- [ACTIVITY]
Every entry here should be copied exactly.

Stored dataset items

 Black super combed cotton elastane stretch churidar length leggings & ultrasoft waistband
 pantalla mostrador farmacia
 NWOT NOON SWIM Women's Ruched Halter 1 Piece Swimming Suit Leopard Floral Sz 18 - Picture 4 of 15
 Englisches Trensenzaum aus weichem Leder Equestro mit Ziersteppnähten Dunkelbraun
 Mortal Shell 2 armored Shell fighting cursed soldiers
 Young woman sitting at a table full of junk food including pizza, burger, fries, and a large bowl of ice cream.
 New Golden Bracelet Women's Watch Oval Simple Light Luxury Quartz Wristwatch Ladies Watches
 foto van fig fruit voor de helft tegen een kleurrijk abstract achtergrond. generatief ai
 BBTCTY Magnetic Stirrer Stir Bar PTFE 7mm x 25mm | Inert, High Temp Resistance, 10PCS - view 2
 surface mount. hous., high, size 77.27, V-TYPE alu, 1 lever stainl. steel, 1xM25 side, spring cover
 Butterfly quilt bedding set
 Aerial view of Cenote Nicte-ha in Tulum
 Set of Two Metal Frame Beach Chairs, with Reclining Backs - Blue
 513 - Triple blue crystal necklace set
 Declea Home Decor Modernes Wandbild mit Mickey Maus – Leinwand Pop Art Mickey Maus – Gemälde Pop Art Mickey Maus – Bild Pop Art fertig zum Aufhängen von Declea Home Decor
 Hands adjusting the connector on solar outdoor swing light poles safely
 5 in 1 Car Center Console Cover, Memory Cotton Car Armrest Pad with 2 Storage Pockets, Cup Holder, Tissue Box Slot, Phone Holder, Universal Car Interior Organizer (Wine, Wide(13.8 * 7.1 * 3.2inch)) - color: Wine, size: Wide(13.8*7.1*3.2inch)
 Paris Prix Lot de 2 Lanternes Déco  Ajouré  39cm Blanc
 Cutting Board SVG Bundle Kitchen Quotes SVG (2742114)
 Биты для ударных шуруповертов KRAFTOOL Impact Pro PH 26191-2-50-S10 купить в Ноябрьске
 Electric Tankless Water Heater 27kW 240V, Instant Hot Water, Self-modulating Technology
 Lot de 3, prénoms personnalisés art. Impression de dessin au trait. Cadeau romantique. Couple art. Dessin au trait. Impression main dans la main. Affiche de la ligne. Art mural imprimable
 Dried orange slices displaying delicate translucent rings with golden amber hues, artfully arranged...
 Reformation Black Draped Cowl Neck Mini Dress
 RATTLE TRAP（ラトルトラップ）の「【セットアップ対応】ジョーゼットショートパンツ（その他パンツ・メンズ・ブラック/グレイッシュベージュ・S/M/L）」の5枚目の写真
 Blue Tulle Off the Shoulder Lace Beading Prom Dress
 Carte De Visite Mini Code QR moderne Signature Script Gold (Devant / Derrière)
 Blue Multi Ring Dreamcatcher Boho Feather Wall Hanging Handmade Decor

- [RESULT FOR THIS EXERCISE]
 Black super combed cotton elastane stretch churidar length leggings & ultrasoft waistband
 pantalla mostrador farmacia
 NWOT NOON SWIM Women's Ruched Halter 1 Piece Swimming Suit Leopard Floral Sz 18 - Picture 4 of 15
 Englisches Trensenzaum aus weichem Leder Equestro mit Ziersteppnähten Dunkelbraun
 Mortal Shell 2 armored Shell fighting cursed soldiers
 Young woman sitting at a table full of junk food including pizza, burger, fries, and a large bowl of ice cream.
 New Golden Bracelet Women's Watch Oval Simple Light Luxury Quartz Wristwatch Ladies Watches
 foto van fig fruit voor de helft tegen een kleurrijk abstract achtergrond. generatief ai
 BBTCTY Magnetic Stirrer Stir Bar PTFE 7mm x 25mm | Inert, High Temp Resistance, 10PCS - view 2
 surface mount. hous., high, size 77.27, V-TYPE alu, 1 lever stainl. steel, 1xM25 side, spring cover
 Butterfly quilt bedding set
 Aerial view of Cenote Nicte-ha in Tulum
 Set of Two Metal Frame Beach Chairs, with Reclining Backs - Blue
 513 - Triple blue crystal necklace set
 Declea Home Decor Modernes Wandbild mit Mickey Maus – Leinwand Pop Art Mickey Maus – Gemälde Pop Art Mickey Maus – Bild Pop Art fertig zum Aufhängen von Declea Home Decor
 Hands adjusting the connector on solar outdoor swing light poles safely
 5 in 1 Car Center Console Cover, Memory Cotton Car Armrest Pad with 2 Storage Pockets, Cup Holder, Tissue Box Slot, Phone Holder, Universal Car Interior Organizer (Wine, Wide(13.8 * 7.1 * 3.2inch)) - color: Wine, size: Wide(13.8*7.1*3.2inch)
 Paris Prix Lot de 2 Lanternes Déco  Ajouré  39cm Blanc
 Cutting Board SVG Bundle Kitchen Quotes SVG (2742114)
 Биты для ударных шуруповертов KRAFTOOL Impact Pro PH 26191-2-50-S10 купить в Ноябрьске
 Electric Tankless Water Heater 27kW 240V, Instant Hot Water, Self-modulating Technology
 Lot de 3, prénoms personnalisés art. Impression de dessin au trait. Cadeau romantique. Couple art. Dessin au trait. Impression main dans la main. Affiche de la ligne. Art mural imprimable
 Dried orange slices displaying delicate translucent rings with golden amber hues, artfully arranged...
 Reformation Black Draped Cowl Neck Mini Dress
 RATTLE TRAP（ラトルトラップ）の「【セットアップ対応】ジョーゼットショートパンツ（その他パンツ・メンズ・ブラック/グレイッシュベージュ・S/M/L）」の5枚目の写真
 Blue Tulle Off the Shoulder Lace Beading Prom Dress
 Carte De Visite Mini Code QR moderne Signature Script Gold (Devant / Derrière)
 Blue Multi Ring Dreamcatcher Boho Feather Wall Hanging Handmade Decor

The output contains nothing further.